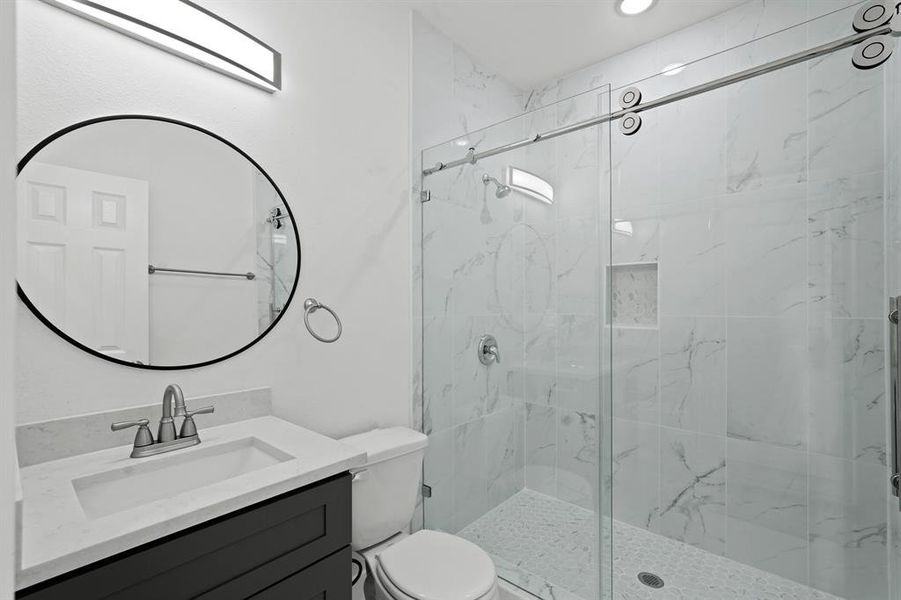 A large walk-in shower with modern tile detailing and recessed lighting, granite countertops, a framed mirror, and wooden cabinetry.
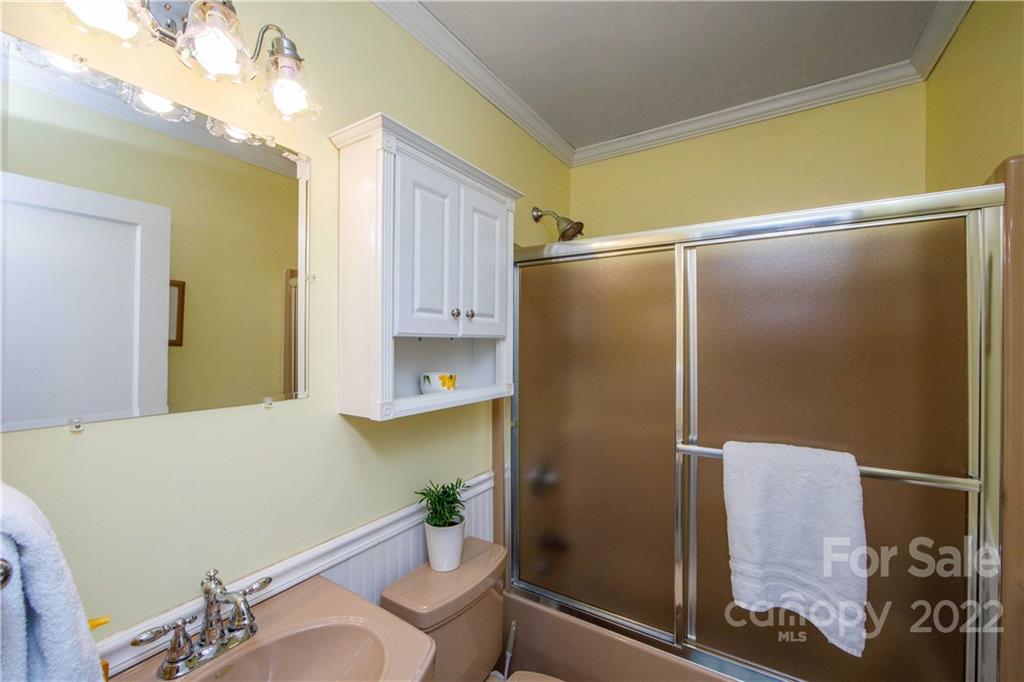3200 Dublin Road Charlotte, NC 28208 - Photo 34 of 48 a bathroom with a shower and a sink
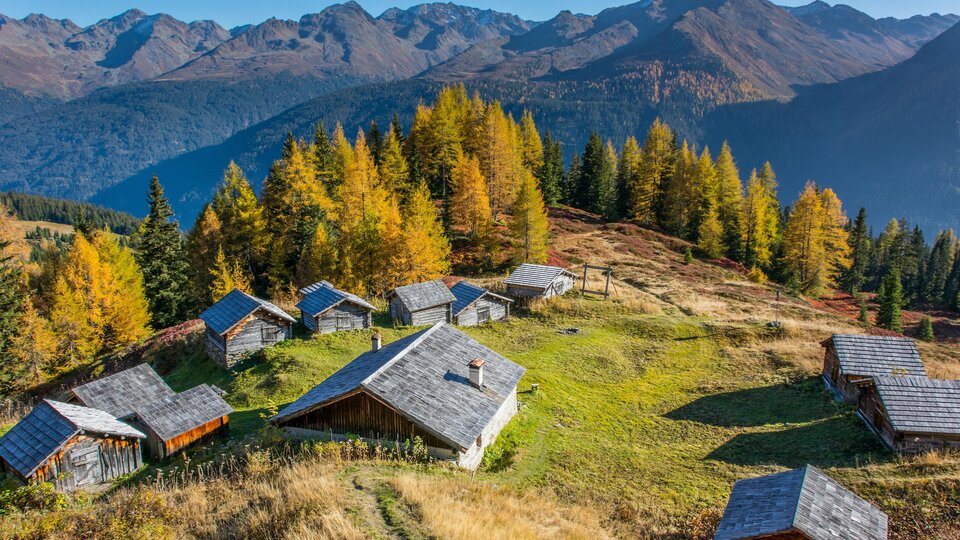 A picturesque mountain landscape with several huts and colorful autumn forest. Majestic mountains rise in the background.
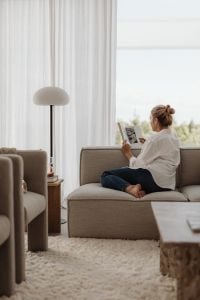 Kaboompics - Woman Reading a Magazine on a Neutral Sofa by the Window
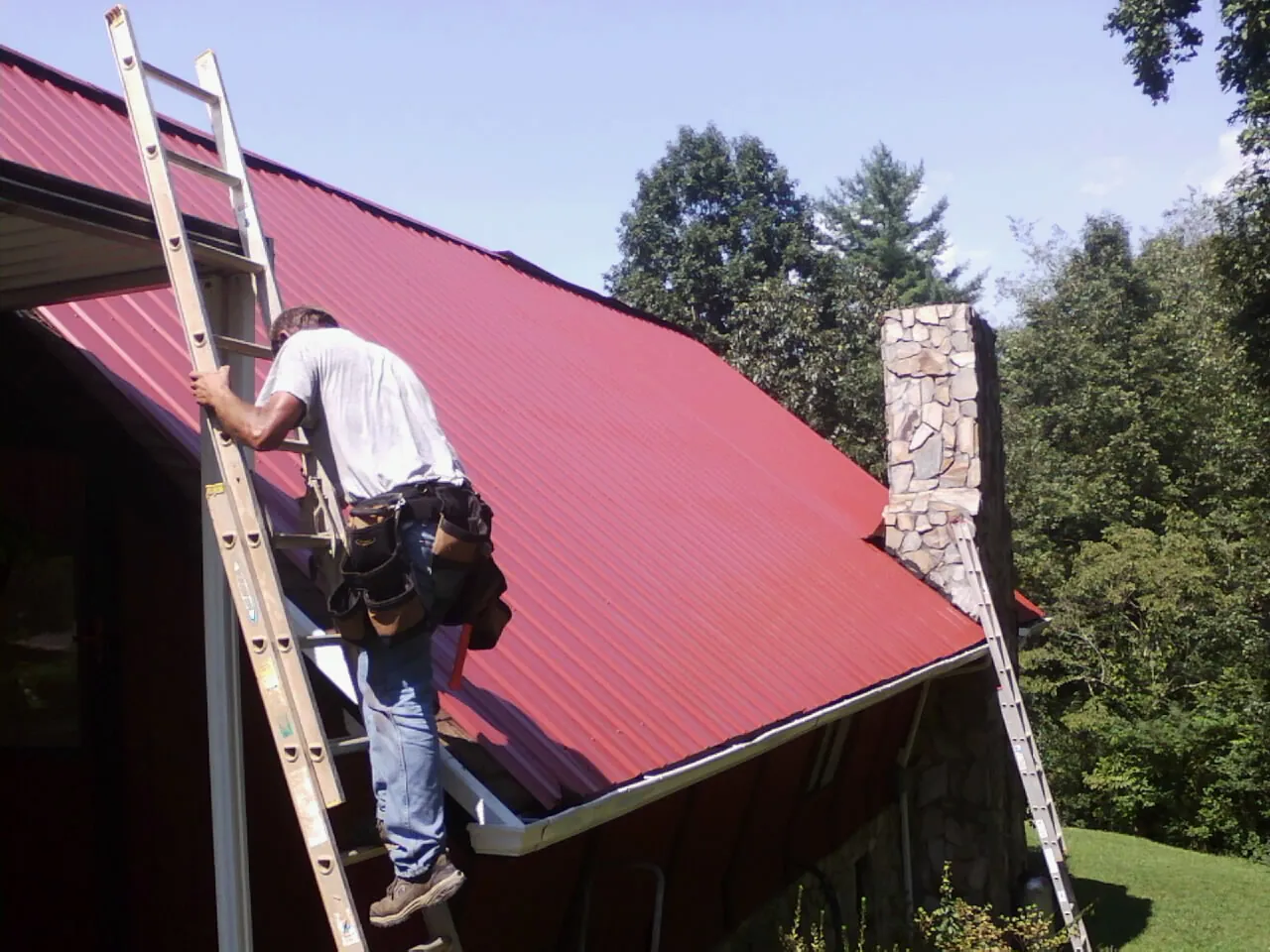 Roofer on a ladder beside a red metal roof and stone chimney — Soffit & Fascia Repair by Roofing Brothers in New Woodstock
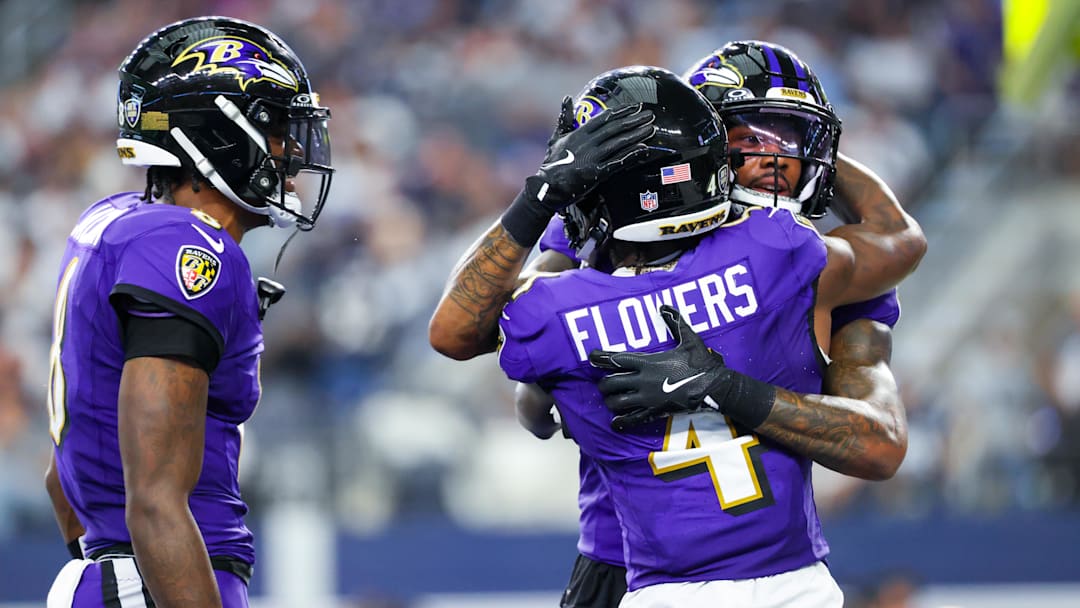 Sep 22, 2024; Arlington, Texas, USA;  Baltimore Ravens wide receiver Rashod Bateman (7) celebrates with Baltimore Ravens wide receiver Zay Flowers (4) and Baltimore Ravens quarterback Lamar Jackson.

§ WHAT IS BEING ASKED
Output exactly the stretch of the listing that begins at the line containing "3200 Dublin Road" and ends at the line containing "Kaboompics - Woman", both kept. Omit pictures and everything else.

§ EXERCISE RESULT
3200 Dublin Road Charlotte, NC 28208 - Photo 34 of 48 a bathroom with a shower and a sink
 A picturesque mountain landscape with several huts and colorful autumn forest. Majestic mountains rise in the background.
 Kaboompics - Woman Reading a Magazine on a Neutral Sofa by the Window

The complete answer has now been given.